The input
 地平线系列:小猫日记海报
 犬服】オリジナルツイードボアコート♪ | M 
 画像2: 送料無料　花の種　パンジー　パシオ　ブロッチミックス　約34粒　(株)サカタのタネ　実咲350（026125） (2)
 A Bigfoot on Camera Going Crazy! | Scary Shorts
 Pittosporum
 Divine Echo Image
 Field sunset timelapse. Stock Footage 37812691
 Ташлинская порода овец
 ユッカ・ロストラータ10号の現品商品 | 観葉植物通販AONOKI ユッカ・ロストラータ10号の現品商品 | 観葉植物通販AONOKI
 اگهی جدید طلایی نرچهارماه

---

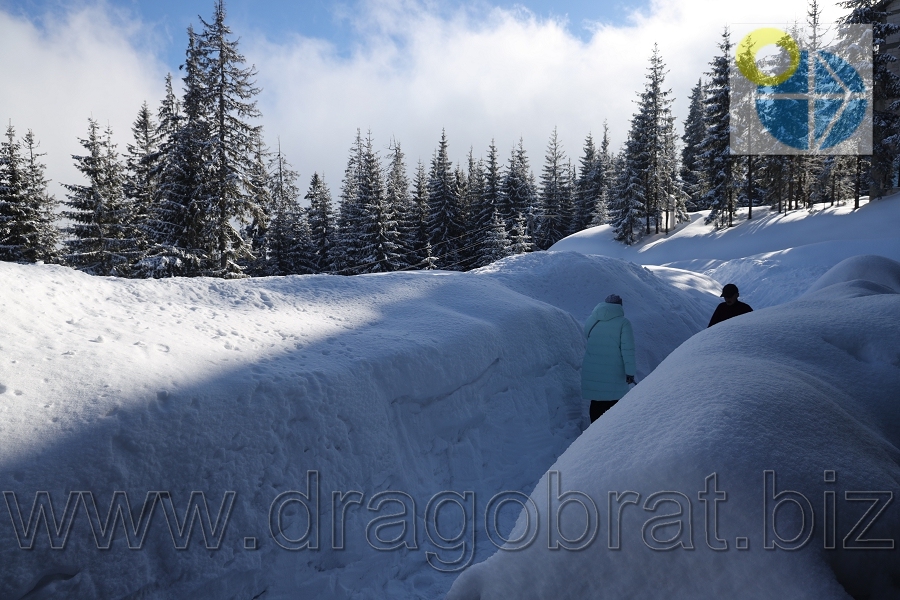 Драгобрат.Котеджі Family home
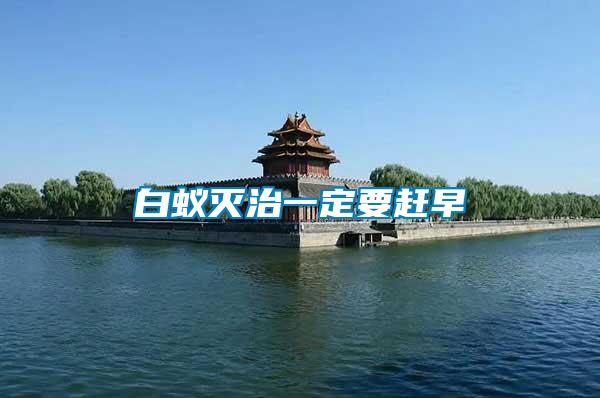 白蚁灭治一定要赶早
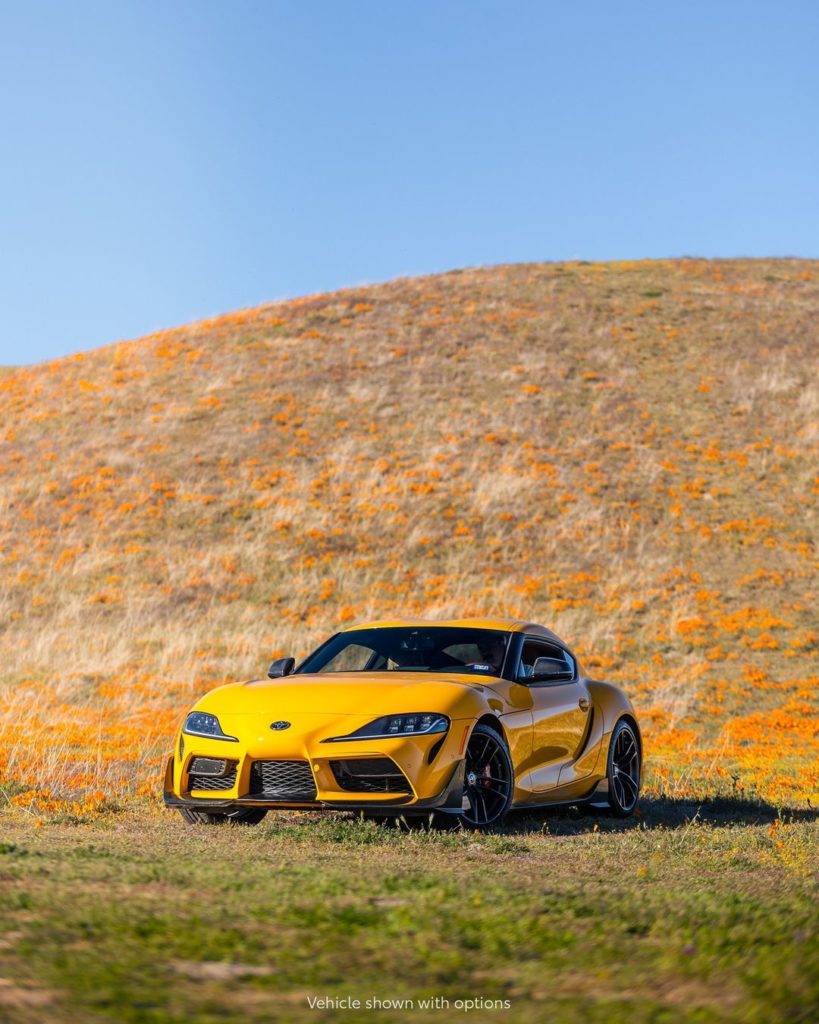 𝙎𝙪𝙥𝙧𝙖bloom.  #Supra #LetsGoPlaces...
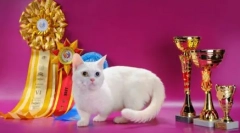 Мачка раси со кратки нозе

Task item
Could you set down, word for word, only the lines above from the line with "Pittosporum" to the line with "اگهی جدید طلایی نرچهارماه", including both?

Output of the task
 Pittosporum
 Divine Echo Image
 Field sunset timelapse. Stock Footage 37812691
 Ташлинская порода овец
 ユッカ・ロストラータ10号の現品商品 | 観葉植物通販AONOKI ユッカ・ロストラータ10号の現品商品 | 観葉植物通販AONOKI
 اگهی جدید طلایی نرچهارماه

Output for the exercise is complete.